Recently I met representatives from two countries where I do business, lunched with one of my employers, attended a meeting with another and had drinks with a third. Then I ate dinner with five potential suppliers.
Convention? Trade show? No. Just my annual trip to New York.
Your industry may have its critical mass in Silicon Valley, Detroit, Nashville or Kathmandu. Mine, like so many others, is centered in midtown Manhattan, clustered between the chaos of Columbus Circle and the clutter of Times Square.
I live far, far away from New York City and communicate by the usual electronic means. But once a year or so, I start thinking I ought to go see those with whom I do business--and give them the chance to see me. The trip never fails to create new relationships and renew old ones. So I buy a ticket, grit my teeth and get on a plane.
Why grit my teeth? If you've ever done business in New York, you understand. The city requires a different mindset.
On this trip, I was shocked to see a $63 dinner entree and a $21 margarita.
I spent 30 minutes in a motionless taxi on West 35th Street, time that was utterly useless since my phone had long since lost its charge. But I also had access to several of the world's finest art museums and half a dozen music acts I'd go out of my way to catch if they ever came through my hometown.
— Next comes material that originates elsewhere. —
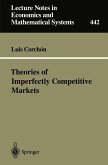 Theories of Imperfectly Competitive Markets (eBook, PDF)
I've been traveling to New York on business for two decades. Before that, I lived there. Yes, it's a difficult place--dirty, noisy, frantic, expensive, often rude. But it's also the creative and commercial center of the universe, so we need it more than it needs us (which, upon reflection, may be part of the problem). Long ago I learned a few truths that help limit my frustration.
New York is a foreign country. Not just in terms of cuisine or language. Its currency, the New York Dollar, has a vastly different value than the greenback we use everywhere else. You'd expect to pay more for goods and services in London or Tokyo, so do the same in New York. If you escape from a business dinner for two for less than $250, consider yourself lucky. Especially if you're in midtown. Which leads me to …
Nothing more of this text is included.